Financing the Fivefold – Part One

We have the vision, the qualifications, the affirmation of those who give oversight to our lives and the right motivation to do those things called fivefold ministry (see earlier blogs in this “Fivefold Ministry” series). Now the big questions is, how do we finance it?

It is easy if you are a pastor and leader a local church; you have a constant flow of finances called “tithes” from which to draw and build. But what if you are not employed full-time in a local church but travel trans-locally in a number of churches and nations, then what?

This is the reason why there are many leaders with one of the fivefold gifts leading churches when they really are not called to do it. They lead churches because it is the easiest way to finance their ministries of apostles, prophets, evangelists, pastors and teachers. They are not fulfilled at it, and may not have the governmental calling to lead, but it is one of the only mechanisms in place that currently works.

These men know that if they want to step down from leading the local church, their finances would dry up. Sometimes this even leads to fivefold ministers laying down their call. They still have the call and the anointing and gifts for that call; they just do not have a clue on how to make a living whole doing it. So, they simply don’t do it.

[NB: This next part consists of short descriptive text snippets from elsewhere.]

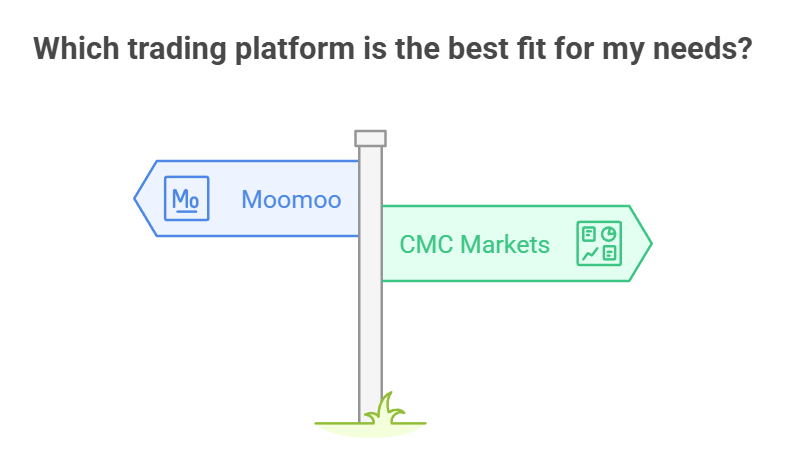 Moomoo vs CMC Markets comparison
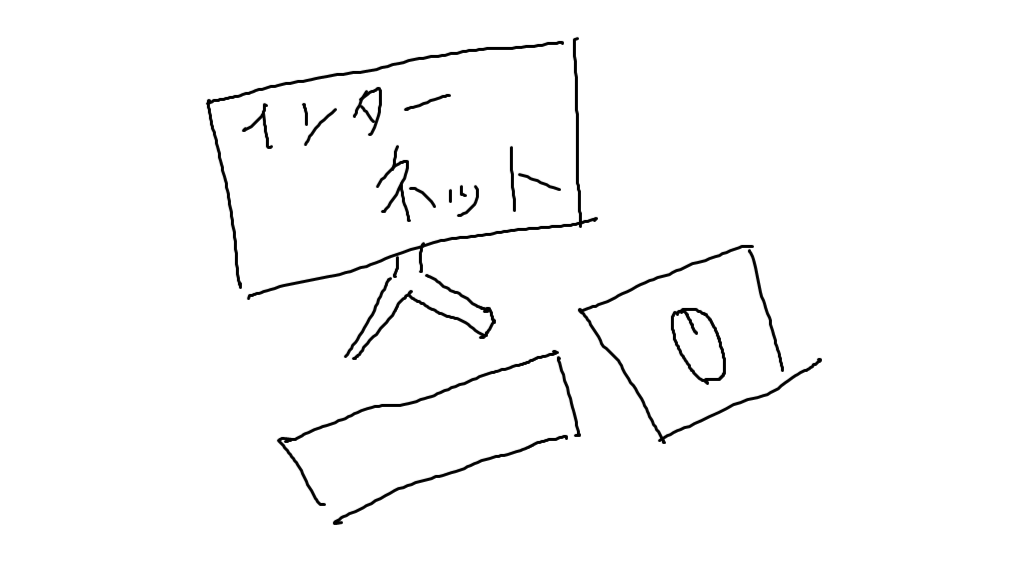 どのようなことを調べましたか?本やネット等、何を使って調べたか。場所や物、事柄を具体的にお書きください。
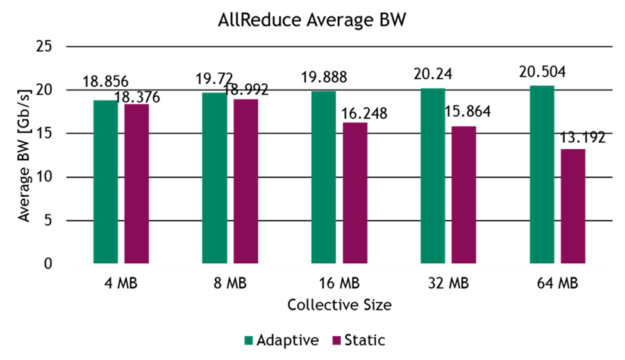 Adaptive routing improves average bandwidth for all-reduce workload patterns.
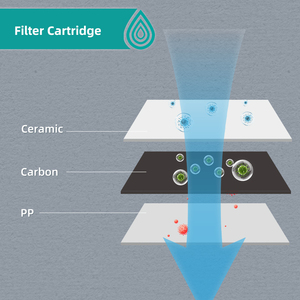 Bán hàng nóng 7-giai đoạn trước Lọc vòi nước gắn trên máy lọc nước nhựa hộ gia đình tap hệ thống lọc nước loại bỏ clo - Product Image 3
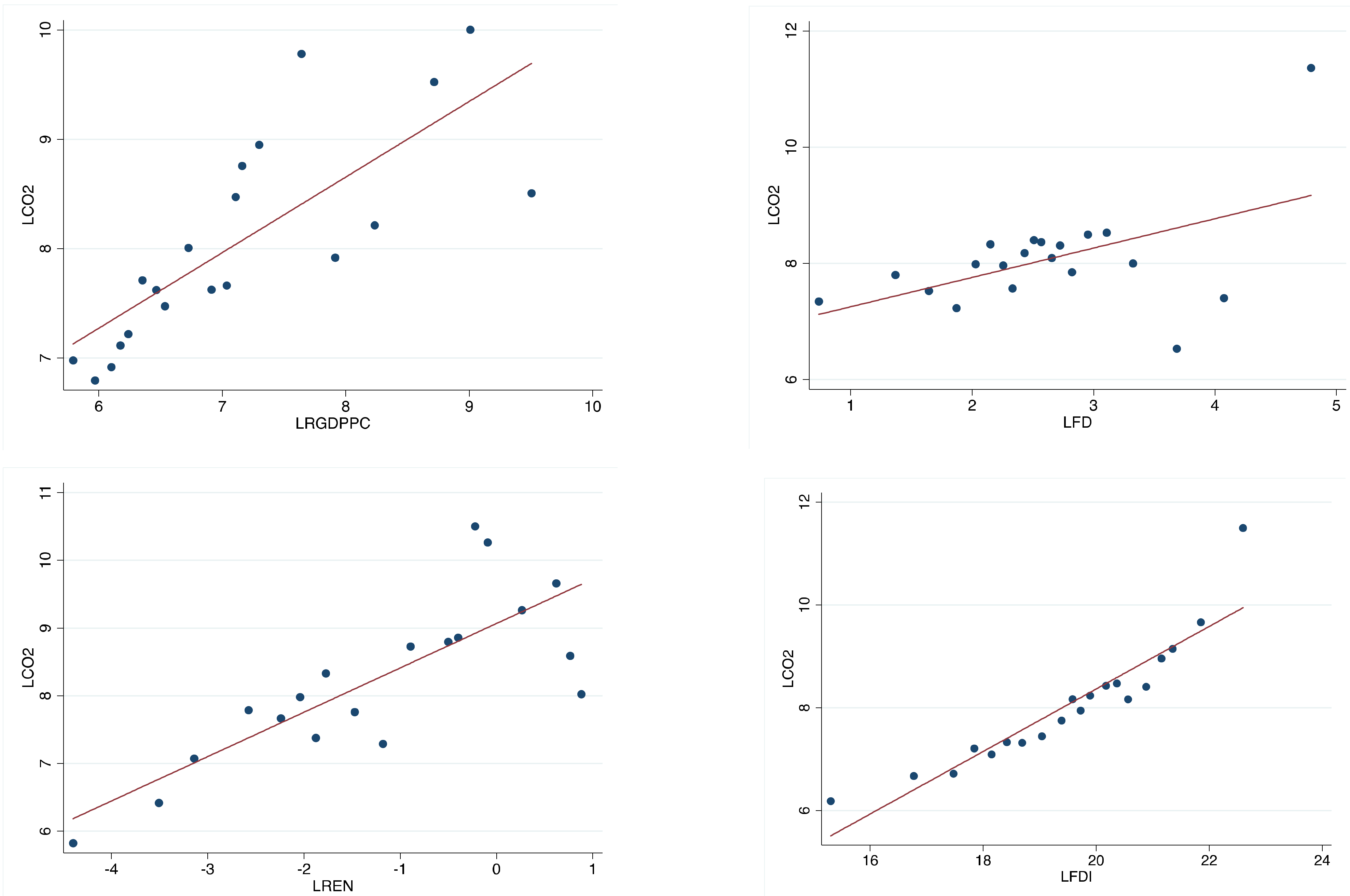 Energies 15 07464 g001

This is not an easy questions to answer nor is it one to take lightly. If we truly want to see the fivefold ministry released in today’s Church, we must figure out how to finance these individuals. Obviously when someone is leading a local church, the pressures of ministry can be greater and more demanding than someone who is a fivefold minister attending the local congregation and ministering trans-locally. But fivefold ministers have bills to pay just like everyone else. They need gas for their car, food on the table, and even an occasional vacation like others are accustomed to taking.

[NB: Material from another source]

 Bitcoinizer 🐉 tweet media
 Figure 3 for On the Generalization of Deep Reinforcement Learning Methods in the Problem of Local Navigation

While we don’t yet have a common answer to this problem, I believe we can at least give some insight that can help get a dialogue started so this whole area can be brought out into the open and discussed.

There is also a certain amount of what I would call “critical mass” that is necessary for someone to be supported full time for fivefold ministry. In other words, for a single church to support a fivefold minister, they would most likely need to be in the mega church size (over a thousand members) to be able to raise the finances – for there to be a substantial amount after salaries and expenses locally to then support in an adequate way a trans-local fivefold minister. To be fully supported in a network of churches, there would need to be a large enough network to supply the finances.

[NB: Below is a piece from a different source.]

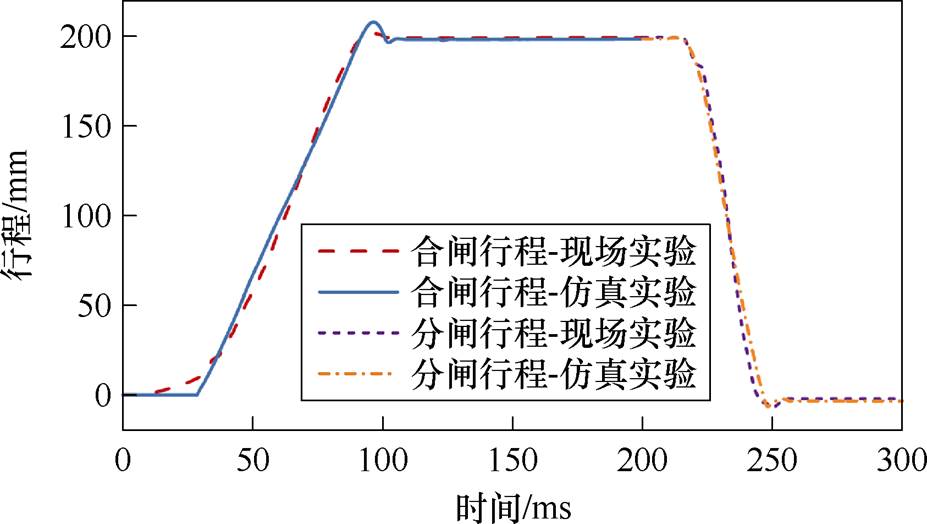 width=202.3,height=114.25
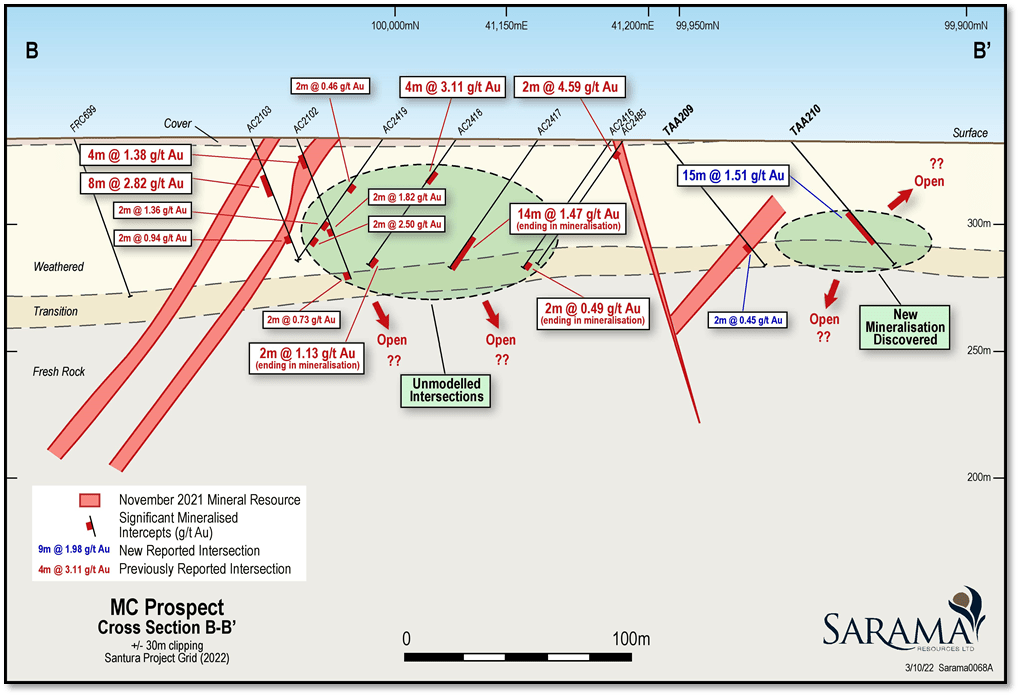 Sarama Resources Ltd., Wednesday, October 5, 2022, Press release picture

What if we are not a part of a mega church or a large network of churches that can support the fivefold minister? There are other ways. Let’s explore together several different options.

Let’s remember first, that as Christians, we are all in full time ministry whether it is through our business, at our job, in our school, at our home in the neighbourhood or leading a church. Our goal is to share the light of the Gospel of the Kingdom as we go about our daily lives. What is different for each of us is how our financial needs will be met. When a person is involved in ministry as his “job,” like the fivefold minister who is trans-local and therefore cannot have a full time secular or even church ministry job in a community… he still has two financial areas that need to be considered. He has the finances needed to adequately support and live as a family and he has ministry expenses needed to accomplish the ministry to which the Lord has called him full time.

Biblical precedent: Labourers should be supported.

In Bible times, when oxen were driven back and forth over the threshing floor so they could stamp out the grain from the chaff, they were allowed to eat of the fruits of their labours. In some kinds of labour the oxen was muzzled, but Old Testament law required that on the threshing floor, which required repetitious and continuous labour, the oxen should be rewarded. “Do not muzzle an ox while he is treading out the grain” (Deuteronomy 25:4).

Paul quotes this law both in 1 Corinthians 9:9 and 1 Timothy 5:18, showing that God did not appoint it for the sake of the oxen alone, but that every labourer is worthy of his hire. We willingly pay the car mechanic and the doctor for their services, so we should gladly reward those who about for the good of our souls.

1 Corinthians 9:9-14 states, “For it is written in the Law of Moses: Do not muzzle an ox while he is treading out the grain.” Is it about oxen that God is concerned? Surely he says this for us, doesn’t He? Yes, this was written for us, because when the plowman plows and the thresher threshes, they ought to do so in the hope of sharing in the harvest, If we have sown spiritual seed among you, is it too much if we reap a material harvest from you? If others have this right of support from you, should’t we have it all the more? Nevertheless, we have not made use of this right, but we endure anything rather than put an obstacle in the way of the gospel of Christ. Do you not know that those who are employed in the temple service get their food from the temple, and those who serve at the altar share in the sacrificial offerings? In the same way, the Lord commanded that those who proclaim the gospel should get their living by the gospel.”

It is clear from this passage that Paul believed that those who laboured in the service of God would have competent support. In 1 Timothy 5:18, Paul again mentions the analogy between the oxen and the one who labours for the welfare of the Church. Again, he says they should be given sufficient and appropriate recompense so as not to worry about money for their family or their ministry.